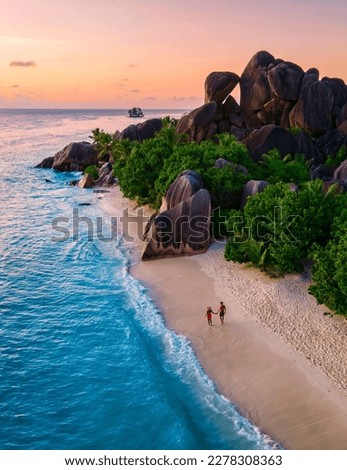 Anse Source d'Argent, La Digue Seychelles, a young couple of Caucasian men and Asian women on a tropical beach during a luxury vacation in Anse Source d'Argent, La Digue Seychelles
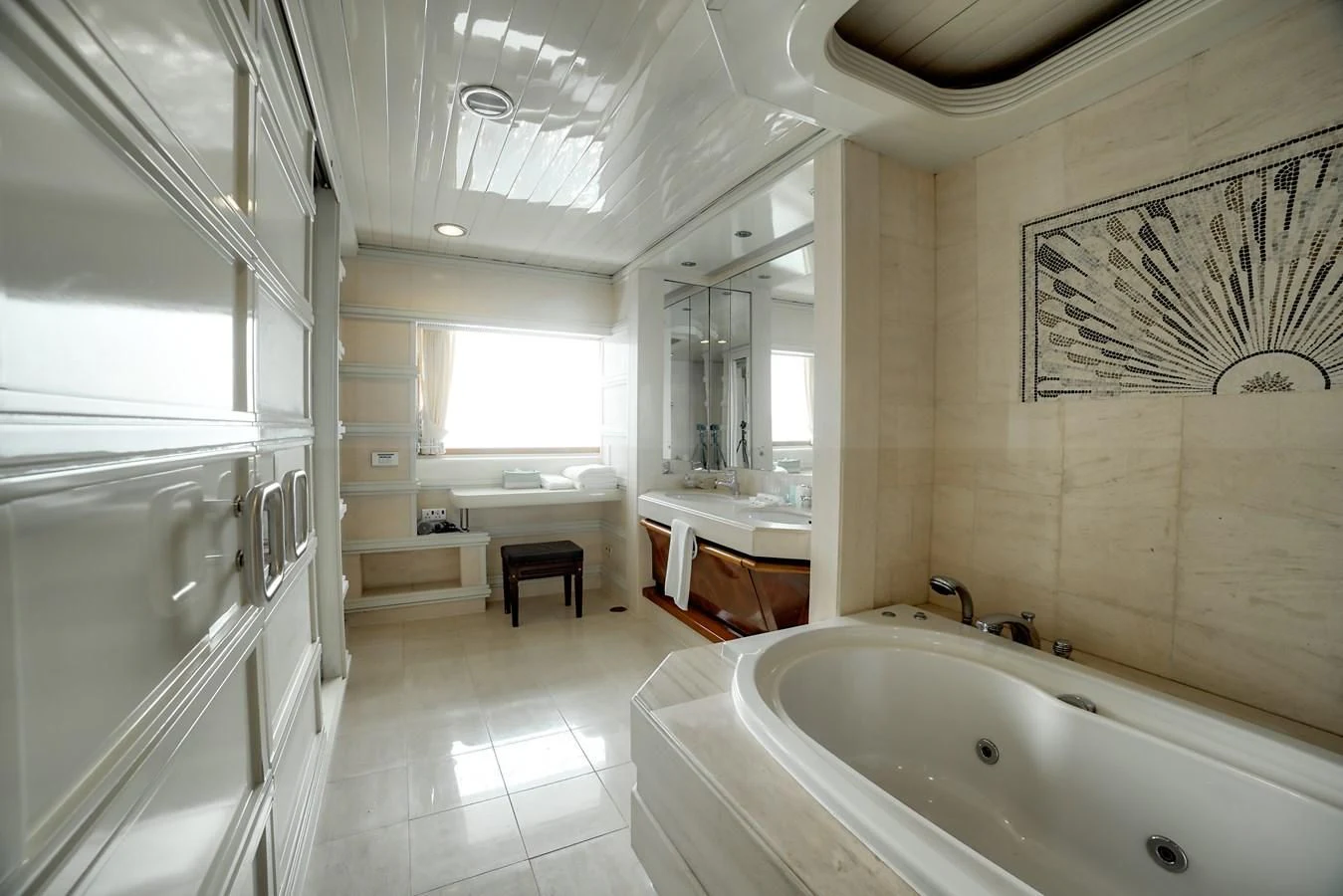 a bathroom with a tub sink and a mirror aboard ASEAN LADY Yacht for Sale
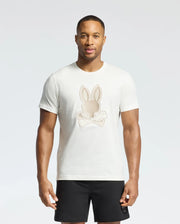 A man wears a Psycho Bunny New Castle graphic tee, B6U415F200, made from soft Pima cotton with an embroidered bunny and crossed bones. He pairs it with black shorts against a plain, light background.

Exercise brief:
Skip the pictures. Please copy exactly the lines from the one with "a bathroom with" through the final line of the material above, both ends included.

Answer for the task:
 a bathroom with a tub sink and a mirror aboard ASEAN LADY Yacht for Sale
 A man wears a Psycho Bunny New Castle graphic tee, B6U415F200, made from soft Pima cotton with an embroidered bunny and crossed bones. He pairs it with black shorts against a plain, light background.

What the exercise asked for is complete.